In favor of kitchin:
Established scientific researching methodology will experience an essential shift under the effect of the Big Data and new data analytics. They allow us to explore new forms of empiricism where correlation and data information are enough instead of further causation and models established. Nonetheless, traditional scientific theories will not be obsolete and completely substituted by statistical tools and data exploration. It is important and necessary to realize the indispensability of theoretical science and the immaturity of this new exploratory science stage.
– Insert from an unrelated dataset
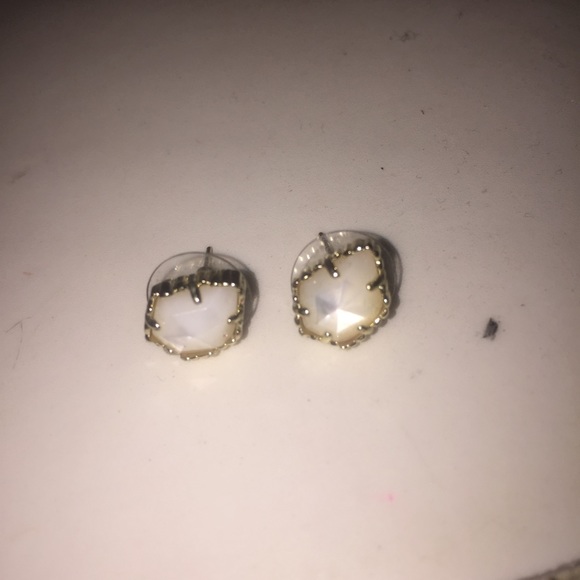 White Kendra earrings!!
It should be pointed out that using Big Data is just another tool to perform research and it will be shaped by technology and algorithms used and the data and environment employed. So these data actually provide oligoptic points of views and therefore, it is not a totally objective method to carry out scientific researches, which is misunderstood by many people. If we over rely on statistical data and believe only correlation instead of causations and further strict rule to be conducted, we will fail to recognize the bias and mistakes of these oligoptic views. In addition, the information of data does not appear and exist solely from nowhere. Big data will not automatically discover insights but based on scientific reasoning or hypothesis. From this perspective, intensive data mining is more likely an assistance to old theoretical scientific methodology. It is also essential to notice that data without appropriate interpretation is only a series of numbers or texts that will not speak for themselves and have little meanings. Knowledge and causation are still important for interpreting data reasonably. Maybe it will be less often to seek “why” in the future as we think Big Data directly present the information; but without these contexts and domain-specific knowledge, a misleading data interpretation will exist and therefore the process to seek for “why” should not be ignored as it will improve the accuracy and correctness of data exploration.
Big data will not totally replace the traditional scientific method. Instead, to some degrees they are complementary and can be jointly used for greater scientific development. Ideally, data and statistics exploration under the rule of theoretical science will have a better performance than conducting each of them separately.